*Data items*.
=-=-=

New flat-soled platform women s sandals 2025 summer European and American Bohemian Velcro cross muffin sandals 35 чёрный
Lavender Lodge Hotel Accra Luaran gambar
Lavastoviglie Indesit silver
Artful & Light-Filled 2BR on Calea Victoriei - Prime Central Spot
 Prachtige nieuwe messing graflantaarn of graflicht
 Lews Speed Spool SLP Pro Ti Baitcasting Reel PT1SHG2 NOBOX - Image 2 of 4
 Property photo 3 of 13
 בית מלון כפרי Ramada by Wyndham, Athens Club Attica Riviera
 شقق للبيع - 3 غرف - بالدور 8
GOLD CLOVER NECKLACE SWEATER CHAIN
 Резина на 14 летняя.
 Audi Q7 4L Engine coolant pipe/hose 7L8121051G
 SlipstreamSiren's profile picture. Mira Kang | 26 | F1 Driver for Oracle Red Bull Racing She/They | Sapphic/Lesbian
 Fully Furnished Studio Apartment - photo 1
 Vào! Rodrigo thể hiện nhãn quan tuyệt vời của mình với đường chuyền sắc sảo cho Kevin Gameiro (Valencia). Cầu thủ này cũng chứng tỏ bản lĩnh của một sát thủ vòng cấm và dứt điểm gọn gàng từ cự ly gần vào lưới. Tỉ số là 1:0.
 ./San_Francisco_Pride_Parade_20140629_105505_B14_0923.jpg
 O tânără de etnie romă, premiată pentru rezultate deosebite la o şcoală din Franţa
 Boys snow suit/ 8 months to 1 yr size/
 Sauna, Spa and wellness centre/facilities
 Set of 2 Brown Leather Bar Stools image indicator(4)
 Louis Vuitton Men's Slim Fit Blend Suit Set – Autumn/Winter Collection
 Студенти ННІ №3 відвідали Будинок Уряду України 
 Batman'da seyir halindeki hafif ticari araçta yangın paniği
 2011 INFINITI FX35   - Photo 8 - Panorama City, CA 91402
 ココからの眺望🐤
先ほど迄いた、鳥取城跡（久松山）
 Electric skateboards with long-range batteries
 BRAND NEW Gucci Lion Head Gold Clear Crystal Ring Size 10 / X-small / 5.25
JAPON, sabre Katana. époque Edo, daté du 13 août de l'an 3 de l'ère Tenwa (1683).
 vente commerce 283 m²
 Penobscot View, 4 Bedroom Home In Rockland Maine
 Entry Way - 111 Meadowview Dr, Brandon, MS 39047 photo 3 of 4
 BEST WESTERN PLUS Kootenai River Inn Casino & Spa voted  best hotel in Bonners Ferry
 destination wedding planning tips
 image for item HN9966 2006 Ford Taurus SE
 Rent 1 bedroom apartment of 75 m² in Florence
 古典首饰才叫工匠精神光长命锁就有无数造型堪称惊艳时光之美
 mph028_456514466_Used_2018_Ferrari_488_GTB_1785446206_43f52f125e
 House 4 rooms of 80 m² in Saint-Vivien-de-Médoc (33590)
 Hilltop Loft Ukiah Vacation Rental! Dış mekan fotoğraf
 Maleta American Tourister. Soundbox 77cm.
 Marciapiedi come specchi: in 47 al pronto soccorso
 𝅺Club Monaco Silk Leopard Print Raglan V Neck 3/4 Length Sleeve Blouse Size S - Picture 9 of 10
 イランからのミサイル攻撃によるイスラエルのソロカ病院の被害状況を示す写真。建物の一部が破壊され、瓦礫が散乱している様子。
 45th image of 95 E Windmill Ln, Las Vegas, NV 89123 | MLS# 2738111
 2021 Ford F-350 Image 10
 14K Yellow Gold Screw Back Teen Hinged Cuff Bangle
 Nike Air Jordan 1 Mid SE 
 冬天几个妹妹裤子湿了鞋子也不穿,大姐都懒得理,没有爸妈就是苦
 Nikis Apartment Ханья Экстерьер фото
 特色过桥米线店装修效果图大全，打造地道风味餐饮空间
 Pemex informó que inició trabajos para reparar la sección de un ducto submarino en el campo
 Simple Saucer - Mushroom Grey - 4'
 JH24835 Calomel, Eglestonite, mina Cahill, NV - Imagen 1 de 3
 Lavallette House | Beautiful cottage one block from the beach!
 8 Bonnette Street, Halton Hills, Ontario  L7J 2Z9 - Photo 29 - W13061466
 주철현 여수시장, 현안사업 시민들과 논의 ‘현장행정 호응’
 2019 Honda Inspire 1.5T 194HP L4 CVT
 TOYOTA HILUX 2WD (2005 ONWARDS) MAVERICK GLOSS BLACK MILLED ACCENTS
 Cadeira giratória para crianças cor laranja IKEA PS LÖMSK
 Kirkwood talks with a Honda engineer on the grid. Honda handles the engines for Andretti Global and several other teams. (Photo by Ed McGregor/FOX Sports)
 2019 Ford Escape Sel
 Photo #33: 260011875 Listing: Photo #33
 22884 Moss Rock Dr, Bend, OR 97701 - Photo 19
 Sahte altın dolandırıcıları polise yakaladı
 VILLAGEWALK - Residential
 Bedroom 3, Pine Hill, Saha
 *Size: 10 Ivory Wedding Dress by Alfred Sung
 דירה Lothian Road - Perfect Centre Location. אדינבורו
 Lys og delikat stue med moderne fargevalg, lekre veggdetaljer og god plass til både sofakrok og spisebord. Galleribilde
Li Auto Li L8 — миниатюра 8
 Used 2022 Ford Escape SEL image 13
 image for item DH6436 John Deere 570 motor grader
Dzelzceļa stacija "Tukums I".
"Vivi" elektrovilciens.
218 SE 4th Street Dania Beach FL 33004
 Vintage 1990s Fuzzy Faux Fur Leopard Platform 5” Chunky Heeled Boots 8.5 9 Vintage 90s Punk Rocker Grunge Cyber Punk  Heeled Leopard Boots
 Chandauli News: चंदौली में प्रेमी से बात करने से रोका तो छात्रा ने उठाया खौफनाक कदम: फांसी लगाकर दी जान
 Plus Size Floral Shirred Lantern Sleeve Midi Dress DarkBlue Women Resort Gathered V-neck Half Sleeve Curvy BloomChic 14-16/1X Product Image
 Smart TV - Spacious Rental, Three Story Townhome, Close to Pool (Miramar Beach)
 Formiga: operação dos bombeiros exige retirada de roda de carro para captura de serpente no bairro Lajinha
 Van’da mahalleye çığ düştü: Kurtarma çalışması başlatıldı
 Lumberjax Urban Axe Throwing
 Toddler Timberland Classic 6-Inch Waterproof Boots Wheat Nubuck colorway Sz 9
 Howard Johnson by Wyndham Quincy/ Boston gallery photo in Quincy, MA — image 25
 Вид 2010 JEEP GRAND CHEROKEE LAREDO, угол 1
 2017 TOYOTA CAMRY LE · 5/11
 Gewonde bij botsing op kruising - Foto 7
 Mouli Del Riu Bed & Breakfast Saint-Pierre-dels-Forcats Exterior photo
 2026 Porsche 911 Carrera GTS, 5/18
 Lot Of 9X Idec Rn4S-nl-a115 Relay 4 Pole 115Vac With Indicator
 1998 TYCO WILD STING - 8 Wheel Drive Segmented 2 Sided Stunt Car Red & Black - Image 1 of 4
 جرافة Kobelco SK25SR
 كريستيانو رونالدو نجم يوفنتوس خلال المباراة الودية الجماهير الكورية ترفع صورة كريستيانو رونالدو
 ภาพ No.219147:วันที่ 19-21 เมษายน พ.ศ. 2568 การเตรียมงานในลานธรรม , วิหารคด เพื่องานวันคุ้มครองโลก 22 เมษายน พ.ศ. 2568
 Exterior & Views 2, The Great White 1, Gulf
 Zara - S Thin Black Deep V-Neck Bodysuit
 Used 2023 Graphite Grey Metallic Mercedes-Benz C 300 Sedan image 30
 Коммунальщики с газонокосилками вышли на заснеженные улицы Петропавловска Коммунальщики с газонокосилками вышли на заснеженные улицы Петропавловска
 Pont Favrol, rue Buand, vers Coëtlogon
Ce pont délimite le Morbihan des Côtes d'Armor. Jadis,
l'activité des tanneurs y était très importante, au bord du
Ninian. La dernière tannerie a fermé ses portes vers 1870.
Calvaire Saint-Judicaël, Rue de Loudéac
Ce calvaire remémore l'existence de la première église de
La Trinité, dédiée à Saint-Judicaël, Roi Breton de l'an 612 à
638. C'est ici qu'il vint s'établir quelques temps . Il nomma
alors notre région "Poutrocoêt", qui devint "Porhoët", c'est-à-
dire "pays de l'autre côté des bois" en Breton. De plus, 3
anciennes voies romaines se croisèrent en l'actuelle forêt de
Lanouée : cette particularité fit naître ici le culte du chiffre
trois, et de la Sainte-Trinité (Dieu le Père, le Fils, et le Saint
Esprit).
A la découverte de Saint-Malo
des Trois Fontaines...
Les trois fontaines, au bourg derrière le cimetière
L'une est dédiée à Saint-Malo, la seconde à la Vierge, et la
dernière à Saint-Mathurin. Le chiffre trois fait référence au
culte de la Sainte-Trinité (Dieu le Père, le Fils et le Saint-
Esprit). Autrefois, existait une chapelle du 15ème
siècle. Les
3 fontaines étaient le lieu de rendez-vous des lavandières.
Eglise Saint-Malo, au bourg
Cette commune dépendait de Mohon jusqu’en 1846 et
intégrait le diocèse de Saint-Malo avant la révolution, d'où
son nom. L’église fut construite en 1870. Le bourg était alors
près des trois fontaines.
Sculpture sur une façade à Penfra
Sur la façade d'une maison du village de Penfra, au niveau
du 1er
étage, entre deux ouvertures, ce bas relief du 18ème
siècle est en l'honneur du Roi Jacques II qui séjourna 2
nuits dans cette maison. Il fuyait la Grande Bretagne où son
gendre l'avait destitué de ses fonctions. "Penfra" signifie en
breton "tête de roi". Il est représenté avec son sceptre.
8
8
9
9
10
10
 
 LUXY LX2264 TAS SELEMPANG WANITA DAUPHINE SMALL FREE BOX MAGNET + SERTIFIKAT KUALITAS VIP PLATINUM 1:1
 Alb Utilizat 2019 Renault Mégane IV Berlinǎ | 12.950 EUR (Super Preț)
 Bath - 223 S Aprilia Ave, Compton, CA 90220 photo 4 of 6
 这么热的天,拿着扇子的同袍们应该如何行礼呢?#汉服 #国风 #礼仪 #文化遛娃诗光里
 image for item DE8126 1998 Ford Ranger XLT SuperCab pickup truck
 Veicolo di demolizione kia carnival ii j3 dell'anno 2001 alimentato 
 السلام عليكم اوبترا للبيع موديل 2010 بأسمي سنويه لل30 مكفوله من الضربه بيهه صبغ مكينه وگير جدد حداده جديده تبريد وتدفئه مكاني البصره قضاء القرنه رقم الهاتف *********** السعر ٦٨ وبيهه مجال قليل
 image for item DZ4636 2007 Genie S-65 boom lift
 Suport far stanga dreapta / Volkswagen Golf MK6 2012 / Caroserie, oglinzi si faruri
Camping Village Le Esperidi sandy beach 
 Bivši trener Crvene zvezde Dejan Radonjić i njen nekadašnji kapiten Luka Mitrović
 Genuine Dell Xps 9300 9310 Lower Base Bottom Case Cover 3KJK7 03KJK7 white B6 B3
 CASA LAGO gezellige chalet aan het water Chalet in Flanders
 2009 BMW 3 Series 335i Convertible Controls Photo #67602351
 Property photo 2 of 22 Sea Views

=-=-=

*TASK DETAILS*. Using the records above, give the count of lines with the word "Views", and write nothing more.

*TASK RESPONSE*. 2